Exercise — Repeat exactly the lines below, from the line containing "Athledict Hinged Knee" through the last line, both included. Leave out any pictures.

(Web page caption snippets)
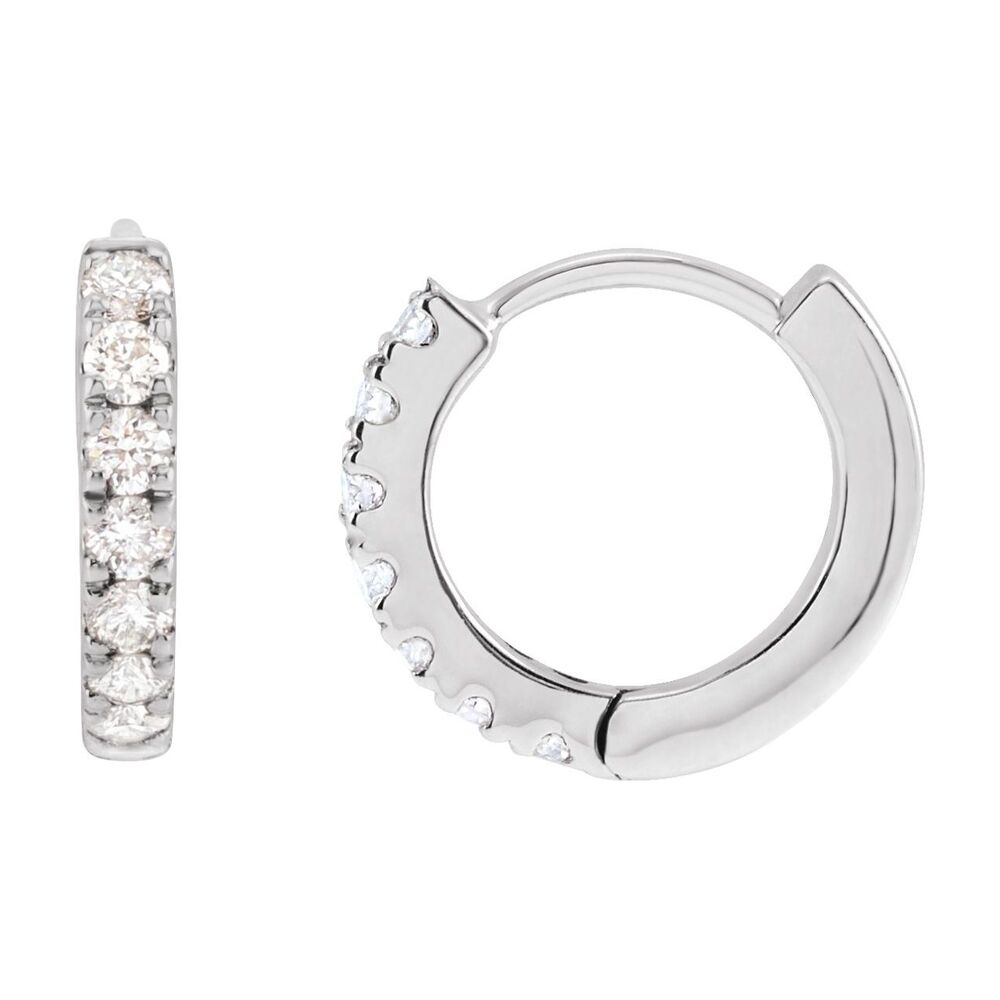 14K White Gold 1/5 CTW Lab Grown Diamond 10mm Hinged Hoop Earrings, Item E19154-020-10 by The Black Bow Jewelry Co.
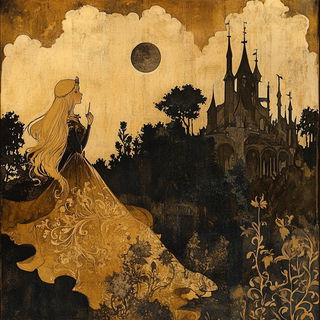 Riad Iconarium style, Midjourney V6.1: retro fairy-tale illustration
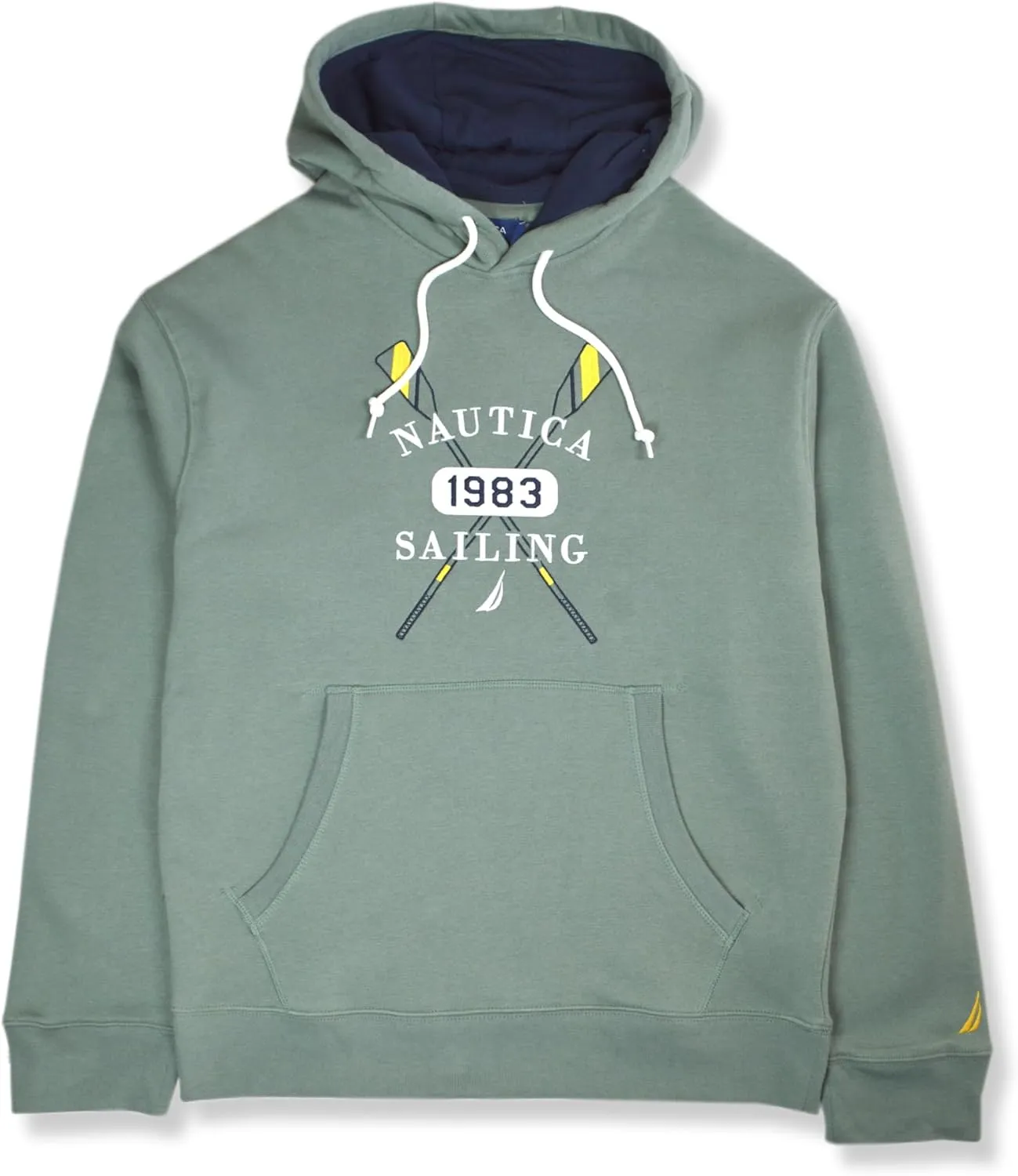Nautica Mens Embroidered Sailing Logo Drawstring Hooded Sweatshirt, (US, Alpha, Large, Regular, Regular, Seaside Olive Green)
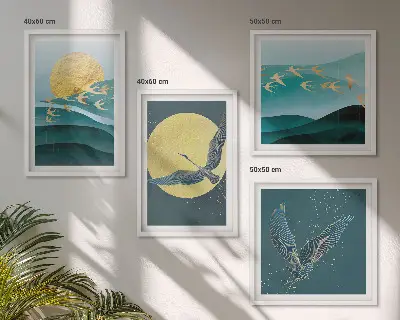 Paisagens elegantes com pássaros políptico com moldura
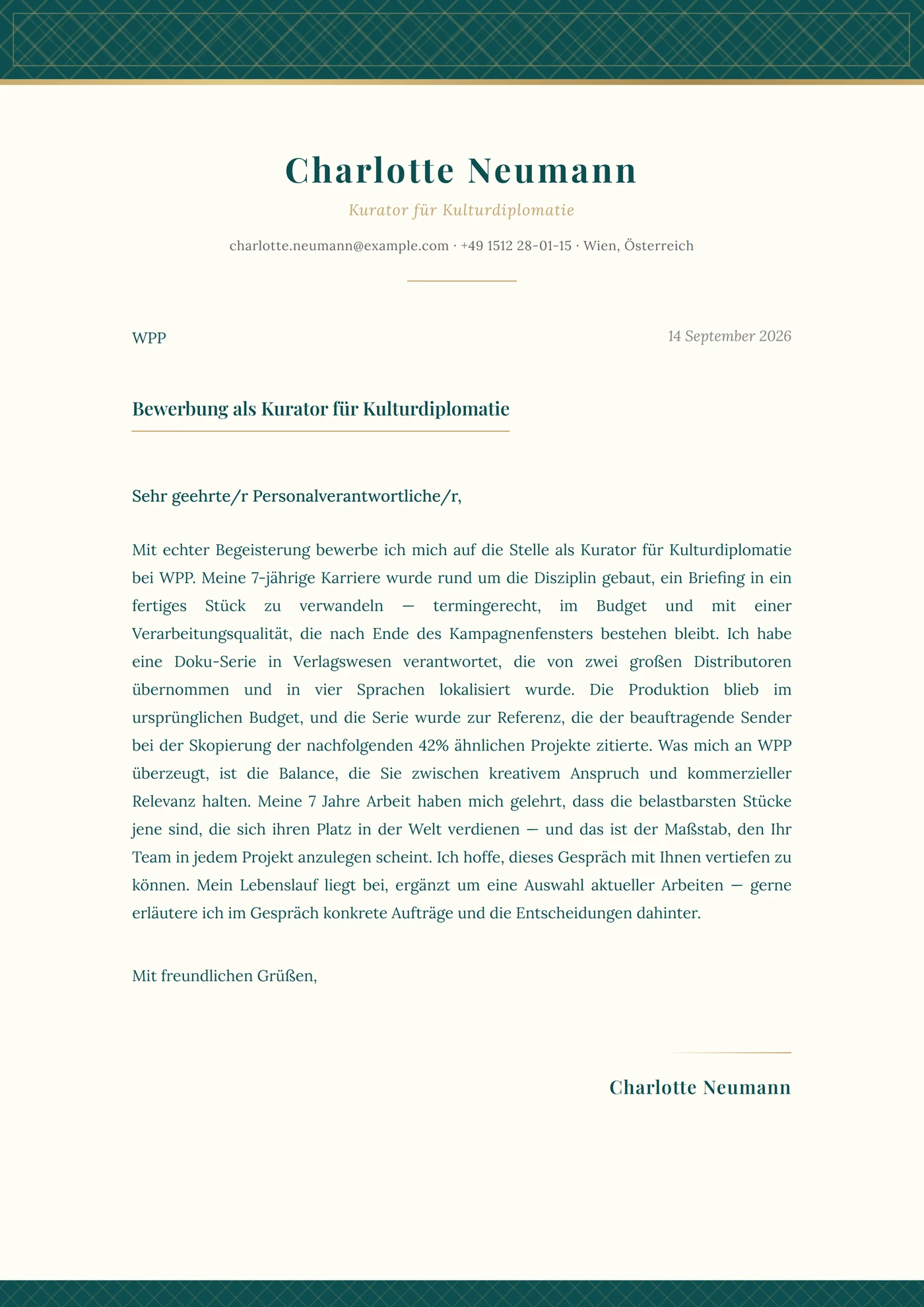 Arabische Kalligrafie — Anschreiben-Vorlagen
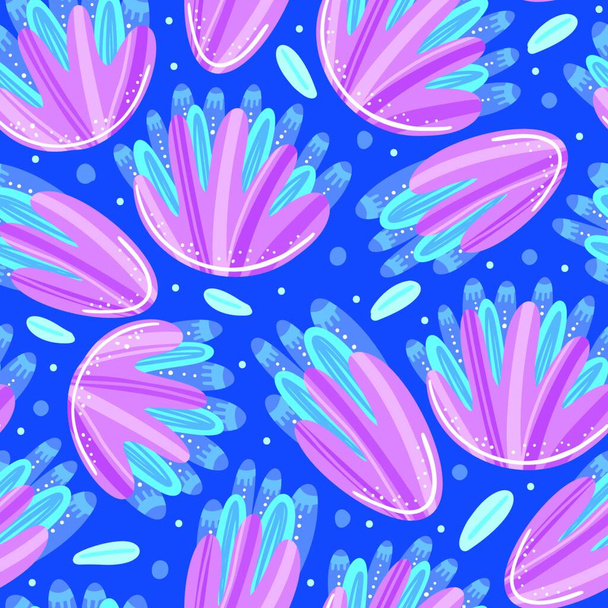Floral seamless pattern. Hand drawn beautiful flowers. Colorful repeating background with blossom. Speckled petals. Design for wallpaper, textiles, wrapping paper, card. Vector illustration, eps10 - Vector, imagen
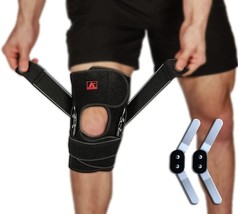 Athledict Hinged Knee Brace Support with Strap &amp; Side Patella Stabilizers-Large - £19.52 GBP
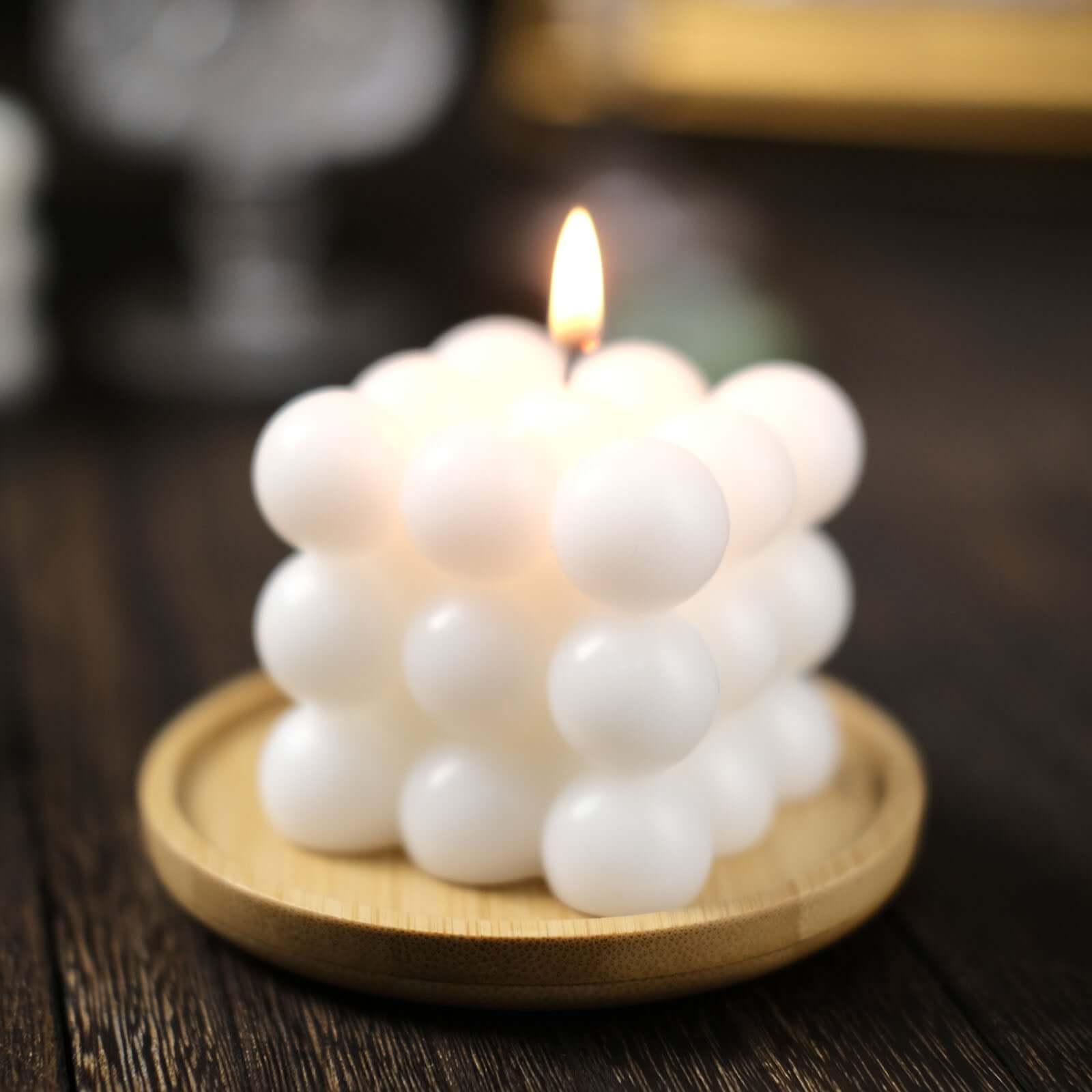 2-Pack Decorative Paraffin Wax Candles Bubble Cube Design White - Unscented Long Burning Pillar Candle Set 2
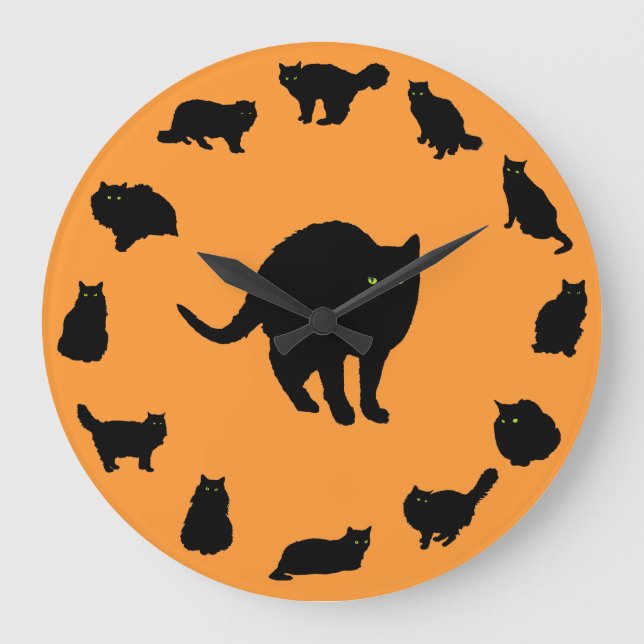 Grande Horloge Ronde 13 Chats noirs (Recto)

Expected answer —
 Athledict Hinged Knee Brace Support with Strap &amp; Side Patella Stabilizers-Large - £19.52 GBP
 2-Pack Decorative Paraffin Wax Candles Bubble Cube Design White - Unscented Long Burning Pillar Candle Set 2
 Grande Horloge Ronde 13 Chats noirs (Recto)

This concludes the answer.